Sure the statements defined using this extension are simple, but most models will consist of simple assertions. A case in point is the example data that I’m using at Practical RDF’s original Query-o-Matic: a listing of all terrorist acts since 1988. Simple, yet; but still managing to capture a lot more context that the other folksonomy/tags implementations I’ve seen.

The tricky part on this is getting the PHP together to maintain the backend services. There is RAP (RDF API in PHP), but it doesn’t implement SPARQL (the W3C RDF query language spec) yet, and I had hoped to use this query language.

My hope is by the time I’m finished with these projects, WordPress 1.5 will be out. I’ll then follow through on Wordform, but based on the final 1.5 product, not one in process. It will also be less ambitous than my original intent, primarily because its for my own use and as a curiousity to others — I don’t expect much interest in it.

What it will have is:

1. All data operations are pulled into a separate file rather than have bits and pieces of SQL scattered about. This makes it a whole lot easier to make changes, especially to the data model.

2. I’ll most likely be altering the comment and trackback spam prevention to incorporate my own ideas, which have shown themselves to be working relatively nicely in Burningbird. I’ve talked about these previously in this weblog.

3. I’m going to change the conditional checks in the code. All of them are as follows:

if ( ’spam’ != $approved ) {

In other words, the literal is first, the variable second. In all my years of programming, you put the variable first, because if it’s null (hasn’t been assigned a value) the conditional fails at that point without having to check the second value. I wasn’t aware that PHP differed in this regard, and I have no idea why the developers of WordPress do it this way. But it bugs me, so I’m changing them for no other reason than it bugs me, unless someone pops in with the reason for this, in which case I won’t. Who knows, maybe PHP does handle this all differently.

4. I’m making the admin more dynamic. Well, I’ve already made this change. With this, you can add a new comment or post status, high level menu item, and individual post menu item by updating tables, as these will not be table driven. In line with this, the semantic data extension talked about earlier will be incorporated into Wordform’s administration pages, as well as my existing fullpage preview functionality, per comment moderation, and post status of ‘insert’.

I won’t be adding multiple weblog support, primarily because it’s a lot of work, I won’t be using it, and Wordform is mainly for my use.
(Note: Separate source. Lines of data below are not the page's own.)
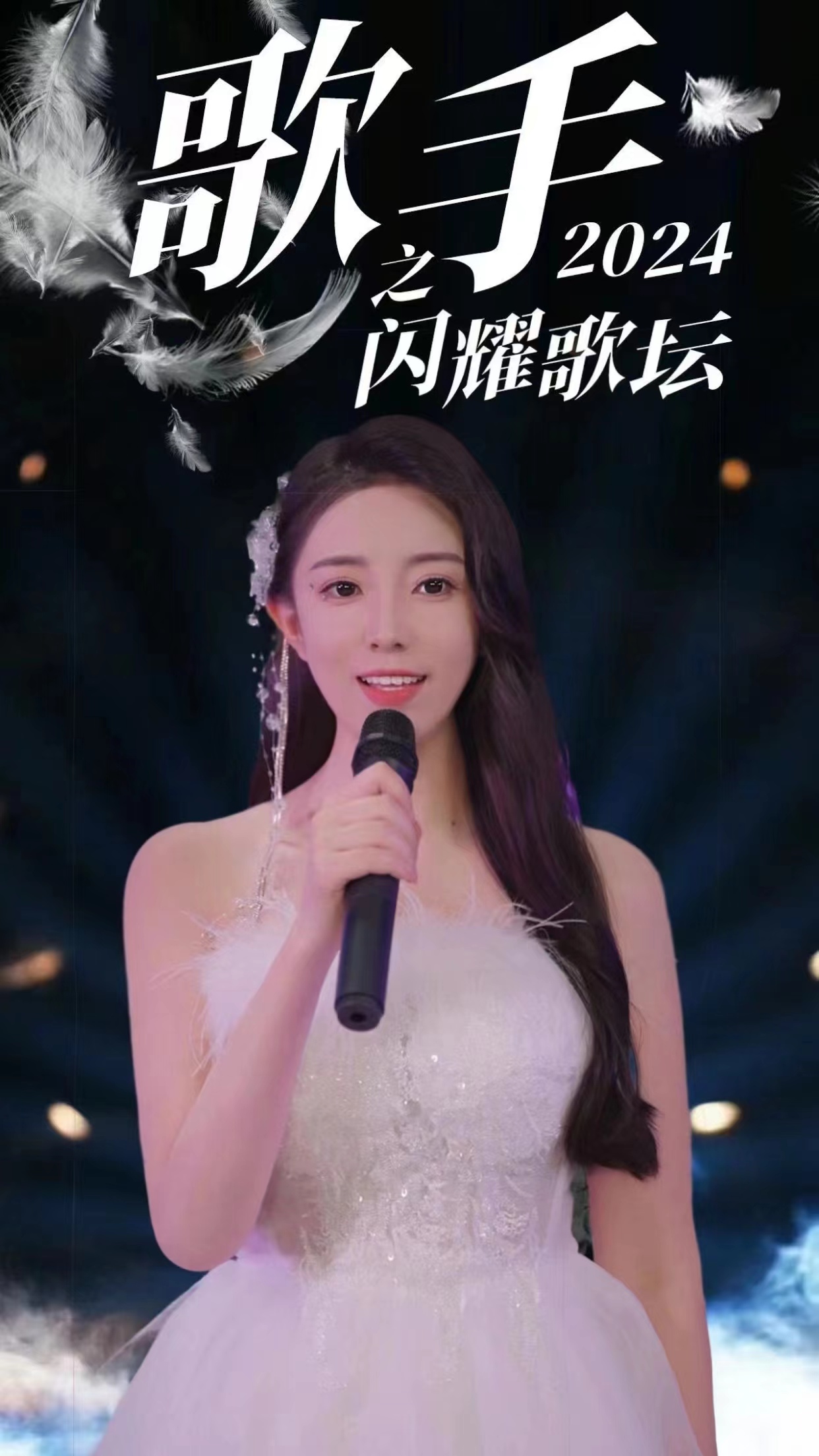 东京热嫩模在线播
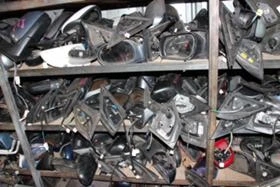 ОГЛЕДАЛА, снимка 2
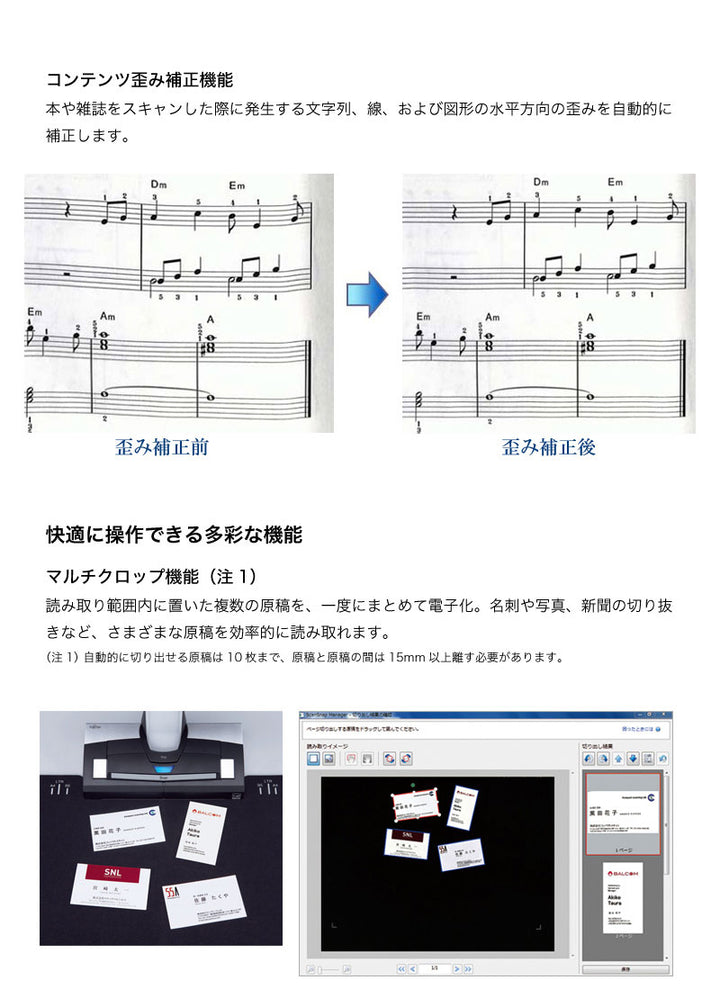 PFU ドキュメントスキャナー ScanSnap SV600 2年保証モデル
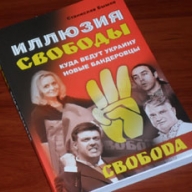 В Симферополе россияне презентовали книгу о бандеровцах Тягнибока В Симферополе россияне презентовали книгу о бандеровцах Тягнибока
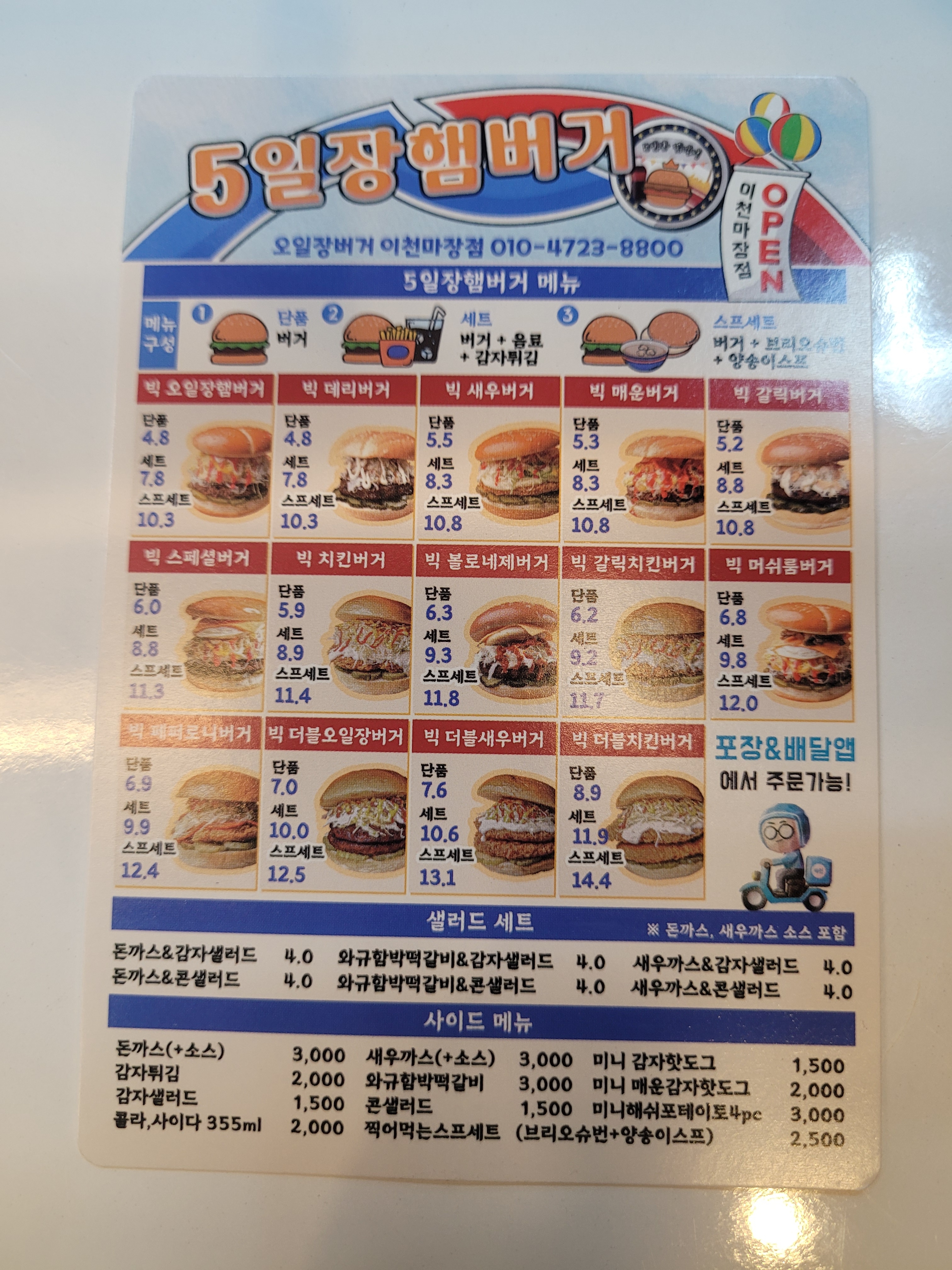 5일장햄버거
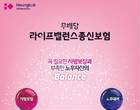 “사망보험금 담보로 연금을 먼저 드립니다”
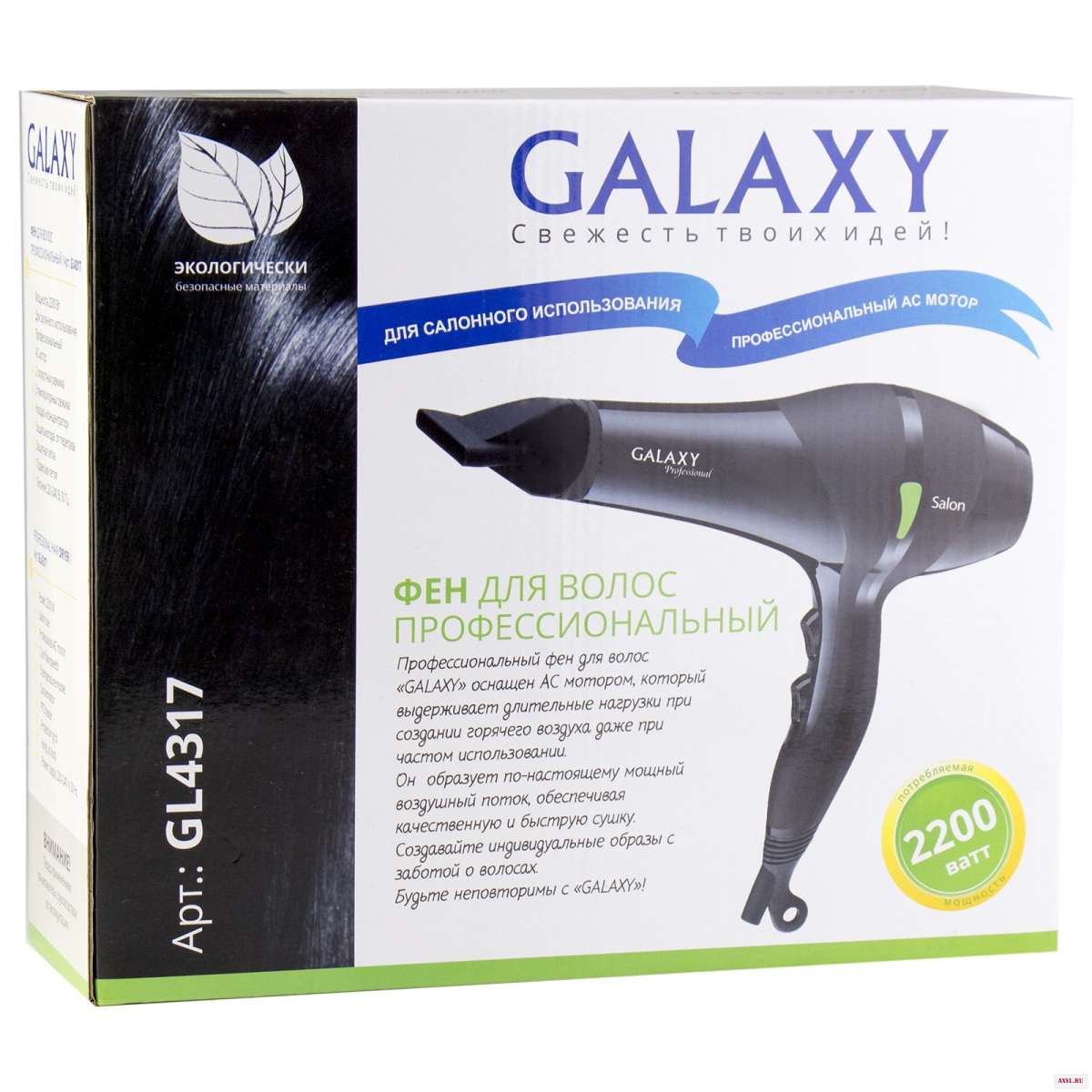 Фен Galaxy GL 4317 (Мощность 2200 Вт, 2 температурных режима, 2 скорости, насадка - «концентратор», защитная решетка)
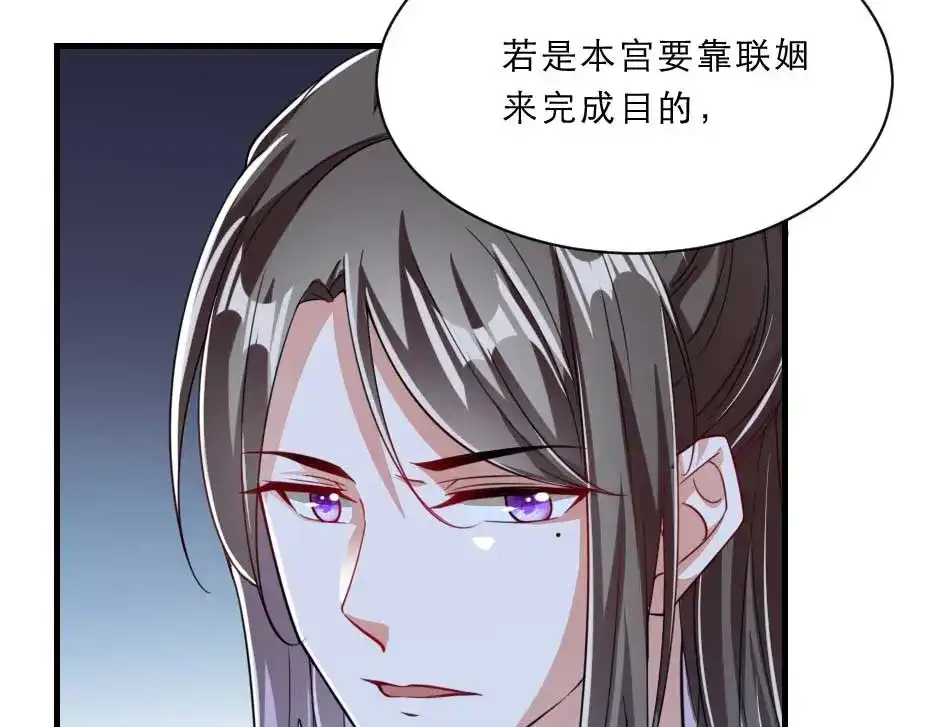 《劝君入我怀》第66话 你在教本宫做事？ 第43页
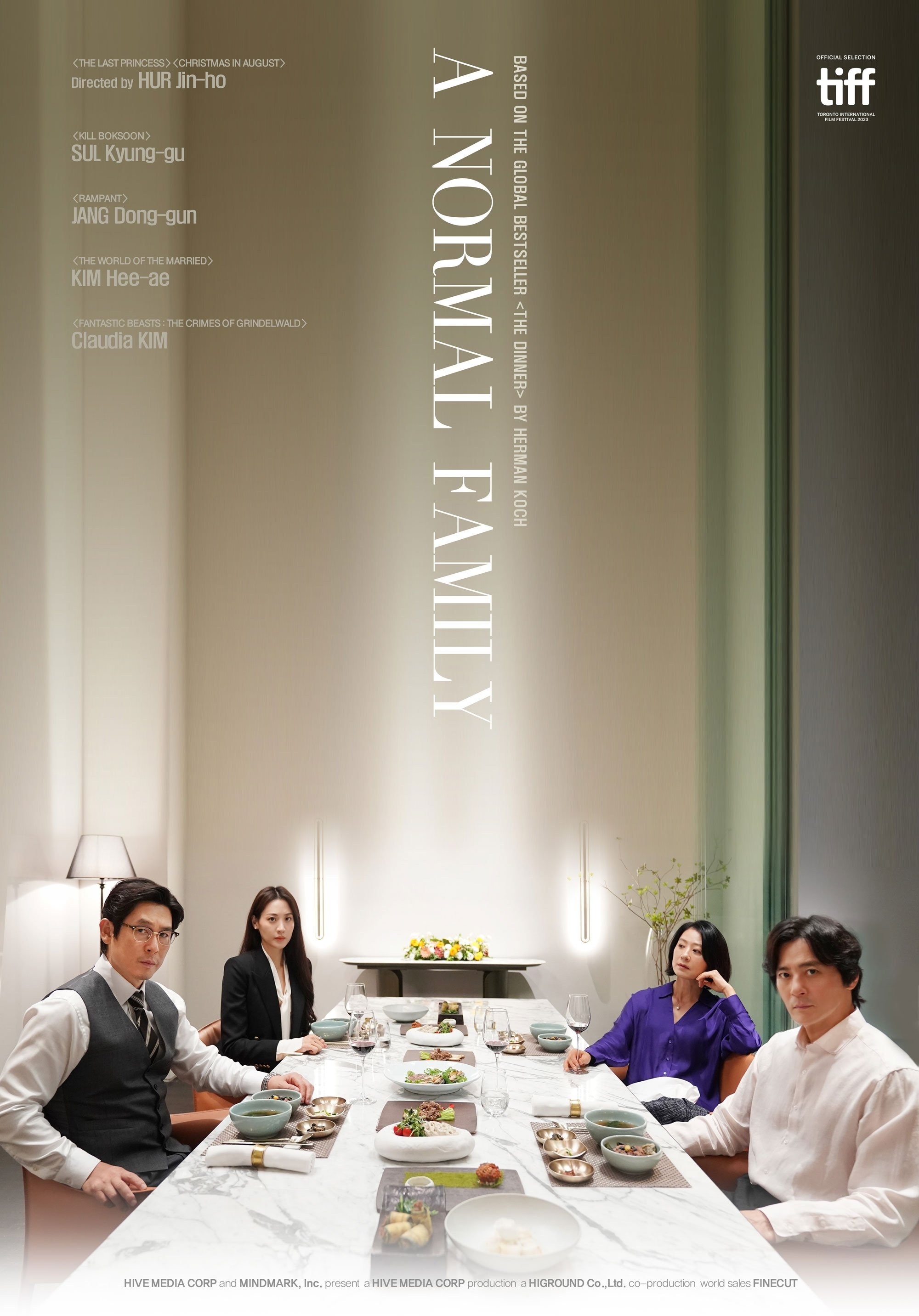 Poster de BOTONG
The separation of SQL into a separate file should help with this if I ever get energetic about this application again.

When finished with all the various application, I will put them online as GPL open source for others to do with as they will. I’ll be posting on these changes, as well as links to the code, at Burningbird rather than this weblog; except for the Practical RDF book updates, of course, which will go to the book weblog.